== Segment start ==
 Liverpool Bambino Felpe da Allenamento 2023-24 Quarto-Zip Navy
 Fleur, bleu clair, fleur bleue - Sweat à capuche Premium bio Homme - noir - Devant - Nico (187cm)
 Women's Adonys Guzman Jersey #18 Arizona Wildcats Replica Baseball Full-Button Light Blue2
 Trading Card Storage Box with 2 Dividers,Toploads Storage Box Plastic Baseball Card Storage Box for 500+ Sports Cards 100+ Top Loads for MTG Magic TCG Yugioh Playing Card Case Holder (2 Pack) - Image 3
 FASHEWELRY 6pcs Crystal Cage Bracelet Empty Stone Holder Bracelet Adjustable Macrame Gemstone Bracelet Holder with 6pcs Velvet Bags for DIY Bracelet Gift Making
== Segment end ==
§ WHAT YOU HAVE TO DO: Only these lines should appear in the reply: the one containing "Women's Adonys Guzman", the last line of the data, and all lines between them, each copied exactly.

§ TASK ANSWER:
 Women's Adonys Guzman Jersey #18 Arizona Wildcats Replica Baseball Full-Button Light Blue2
 Trading Card Storage Box with 2 Dividers,Toploads Storage Box Plastic Baseball Card Storage Box for 500+ Sports Cards 100+ Top Loads for MTG Magic TCG Yugioh Playing Card Case Holder (2 Pack) - Image 3
 FASHEWELRY 6pcs Crystal Cage Bracelet Empty Stone Holder Bracelet Adjustable Macrame Gemstone Bracelet Holder with 6pcs Velvet Bags for DIY Bracelet Gift Making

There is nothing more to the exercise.